Most of this code is only used when loading the document back into Microsoft Word.

We remove all of that and make a few more optimisations:

  • Remove the formatting information that we didn't actually ask for. We used the default font and size in Word, which should indicate that we don't actually care, and that the browser's default font and size should be used as well.
  • Remove the advertisement that the page was created by Microsoft Word, as we had to work so hard to fix it afterwards.
  • Remove the charset from the Content-Type meta tag, as this is a Windows-specific character set and will not work on non-Windows machines anyway.
  • Add the missing quotes around attribute values. W3C "recommends using quotation marks even when it is possible to eliminate them."

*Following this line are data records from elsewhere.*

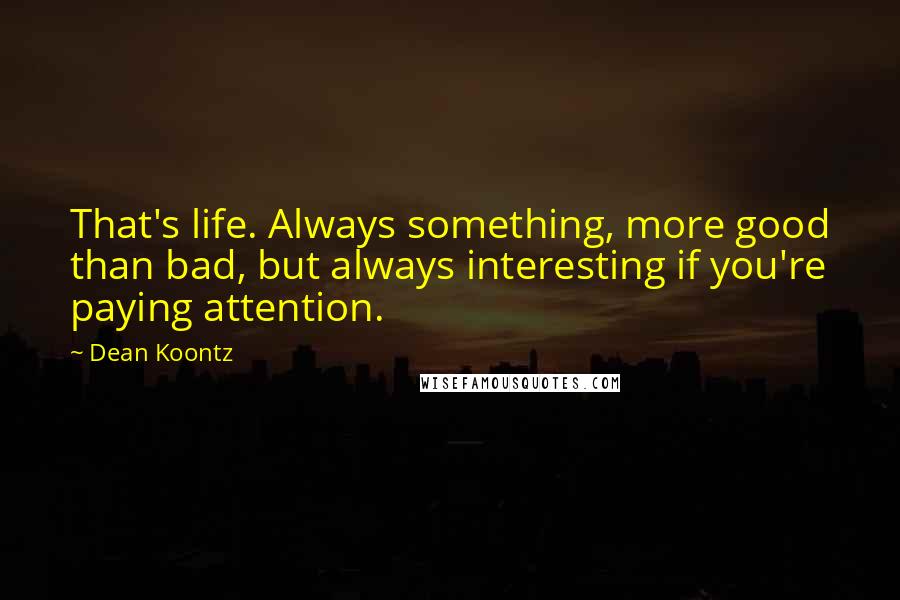 Dean Koontz Quotes: That's life. Always something, more good than bad, but always interesting if you're paying attention.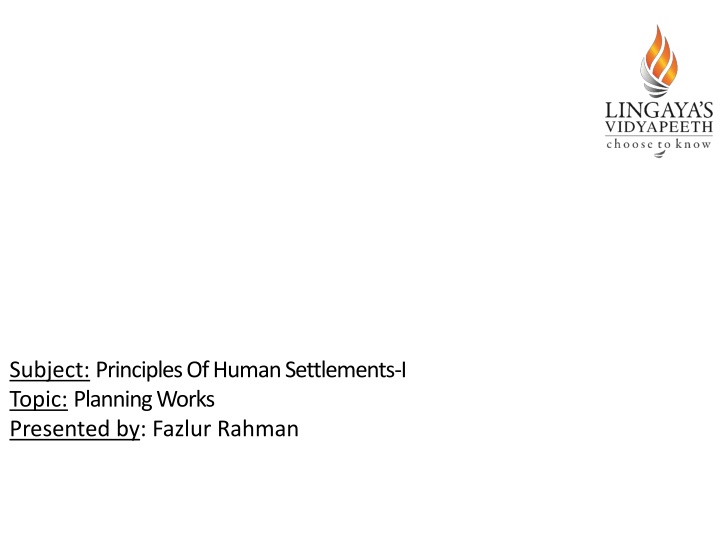 Principles of Human Settlements: Planning Works and Designs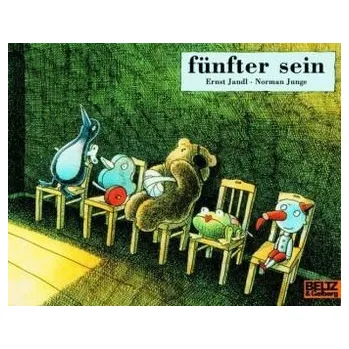 Pohádka Fünfter sein - Ernst Jandl [DE] (2015, Brožovaná / brožovaná, Beltz)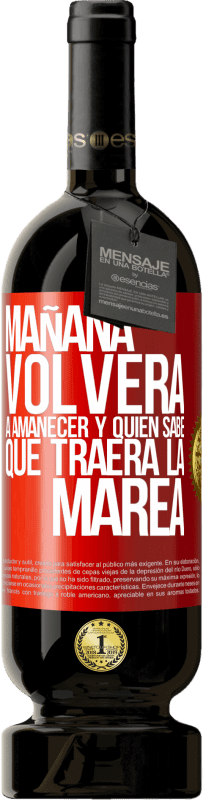 49,95 € Envío gratis | Vino Tinto Edición Premium MBS® Reserva Mañana volverá a amanecer y quién sabe qué traerá la marea Etiqueta Roja. Etiqueta personalizable Reserva 12 Meses Cosecha 2016 Tempranillo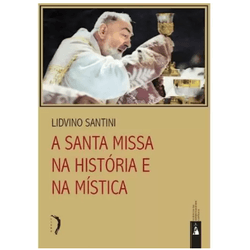 A SANTA MISSA NA HISTÓRIA E NA MÍSTICA - 2593 - Benedictus Livraria Católica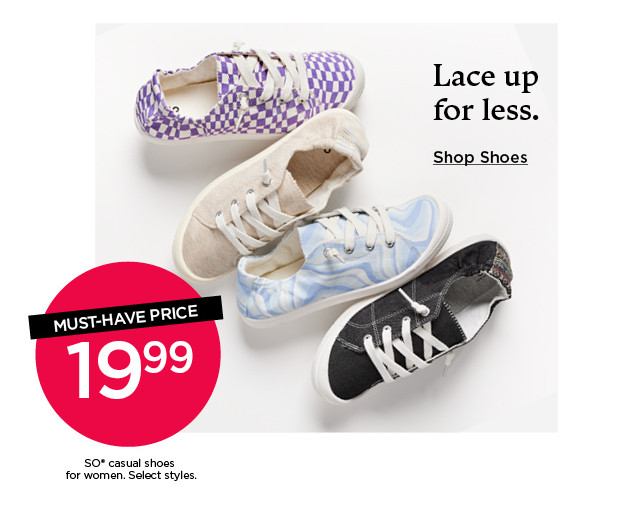 19.99 so casual shoes for women. select styles. shop shoes.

Having done that, we are left with:

<html xmlns="http://www.w3.org/TR/REC-html40">
<head>
<meta http-equiv="Content-Type" content="text/html">
<title>Hello World</title>
</head>
<body lang="EN-US">
<p>Hello World</p>
</body>
</html>

The original version was 2,454 bytes long. Our replacement is 204 bytes, a saving of over 90%. Admittedly, the document conveys only 11 bytes of useful text, but we have significantly reduced the HTML overhead.